Day 3

Laundry, delightful Virginian family, Montparnasse or Montmartre (it`s all a blur) St Denis again for shopping. Concierge says its the whore district. Its like finding totally cute shoes in Surrey! Now, shower and out for dinner with photo a day peeps. There may be some wine.

I could not live in Paris, but visiting is like having a torrid affair, but without the infidelity problem.


Day 2

Browsing markets, out to Chartres. Main dish of HOLY CRAP with a side of humble pie. Yoiu guys know how Gothic architecture makes me cry? Yeah. Abbot Suger was a genius with that whole anagogical method stuff. Back at hotel to drop off some purchases and then out to make some more. Now I cant find the apostrope on this keyboard.


Paris Day 1

OK this will be short because I cant work the keyboard. So far: Notre Dame, St. Denis, shopping, haircut. Men checking me out like I am a hottie or something. Also one guy making kissy noises. Bread. Cheese. Wine. Am out now to drink wine in the sunshine with new hair. Details to follow.


That Was Easy.

So. Only working three hours a day leaves a lot of time. I could be gardening and sewing and whatnot. I’m sleeping. Then I’m endlessly on the Internet.

I keep riding past cars thinking, “It’s gotta be almost time for Buena Vista to come in. Oh, wait. I don’t do that anymore.” “Hey, Kits Beach got a new scrape. But! Not my problem.” It’s weird. Responsibility is my default state.

I also keep browsing Craigslist and I’ll be happy to get whatever job I get, but, really? Those jobs look boring. I’m custom-building jobs in my head: Training octopi. Designing summer reading assignments for teenagers. Teaching underprivileged people how to bake artisan breads. I could do anything.

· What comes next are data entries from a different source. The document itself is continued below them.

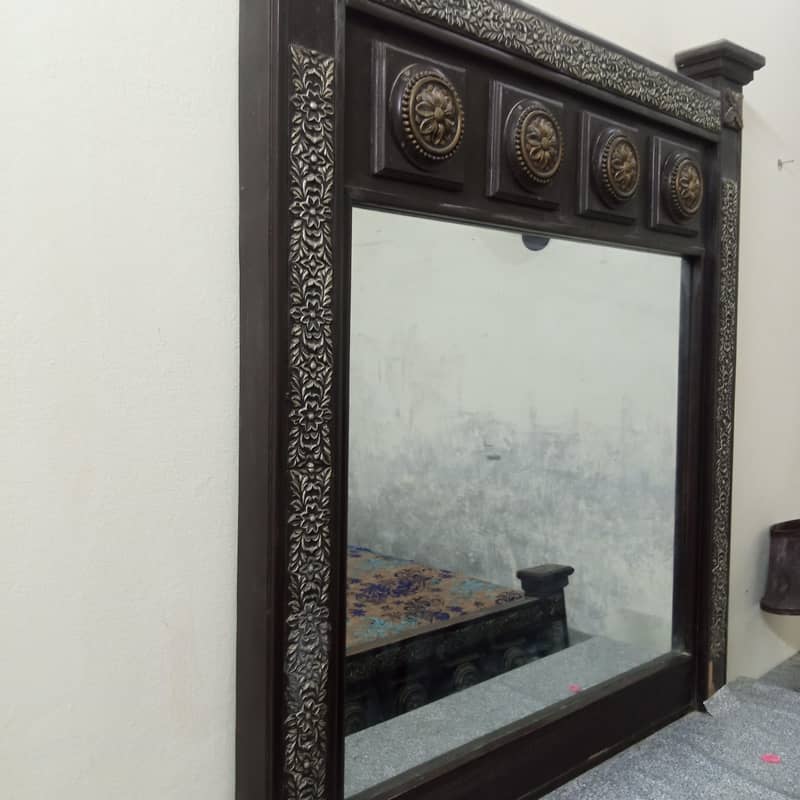 Dressing table in good condition 4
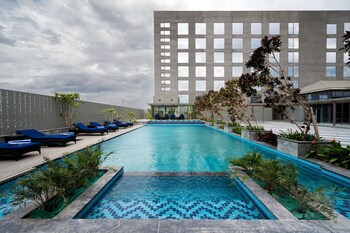 merlis hotel coimbatore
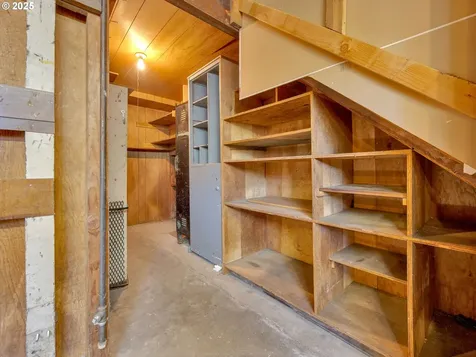 6226 SE 71st Avenue Portland OR 97206
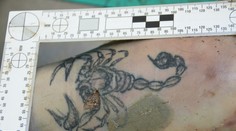 Ukázali tetovania rozštvrteného muža. Polícia žiada o pomoc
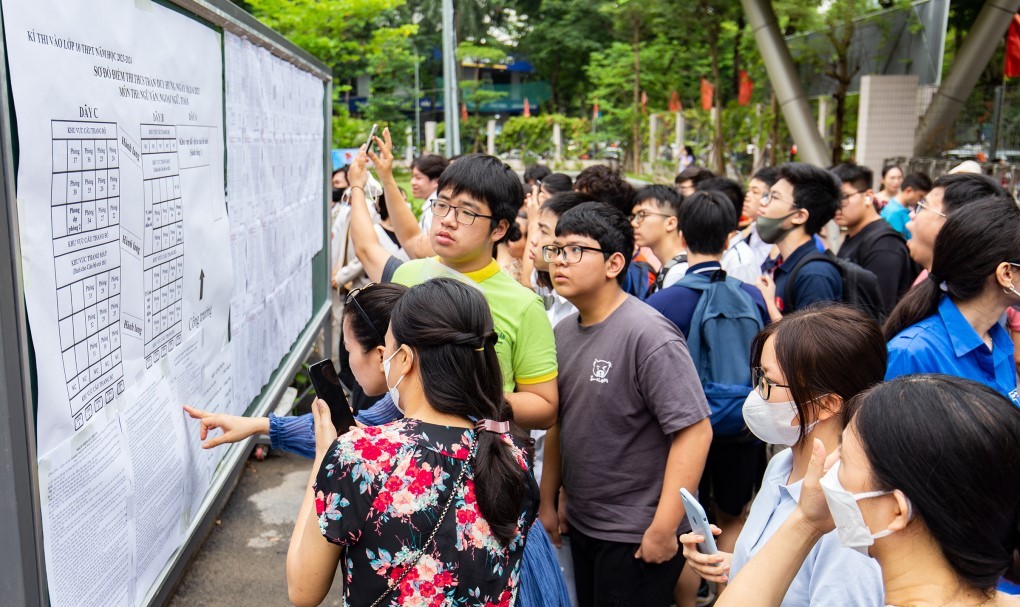 Trường THPT Chuyên Khoa học Tự nhiên tăng chỉ tiêu vào lớp 10 Trường THPT Chuyên Khoa học Tự nhiên tăng chỉ tiêu vào lớp 10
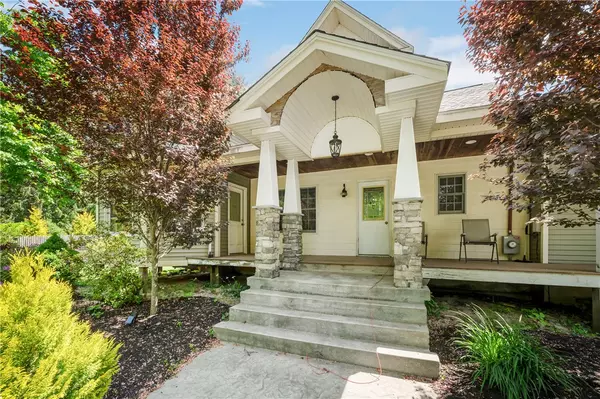 North Smithfield, RI 02896,548 Mendon RD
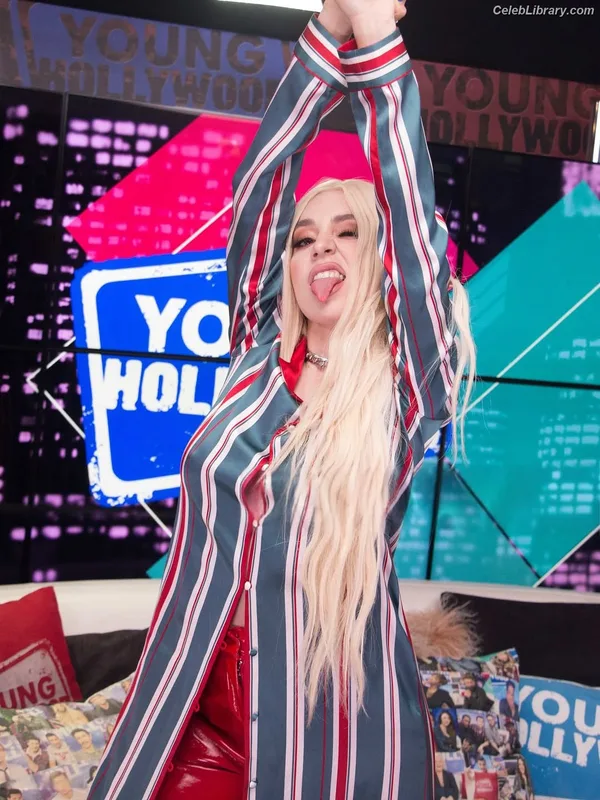 Ava Max photo 21 of 2136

It’s made me wonder about what, exactly, my dream job would be.


I’m Out.

I tendered my resignation to the Co-Op today.

Tendered is probably the wrong word. I wrote and paced and muttered and edited and wrote some more until I had something that Rachel and Arwen both liked (thanks for being my sounding boards, both), and did not contain the phrase ‘sodden pile of wank’.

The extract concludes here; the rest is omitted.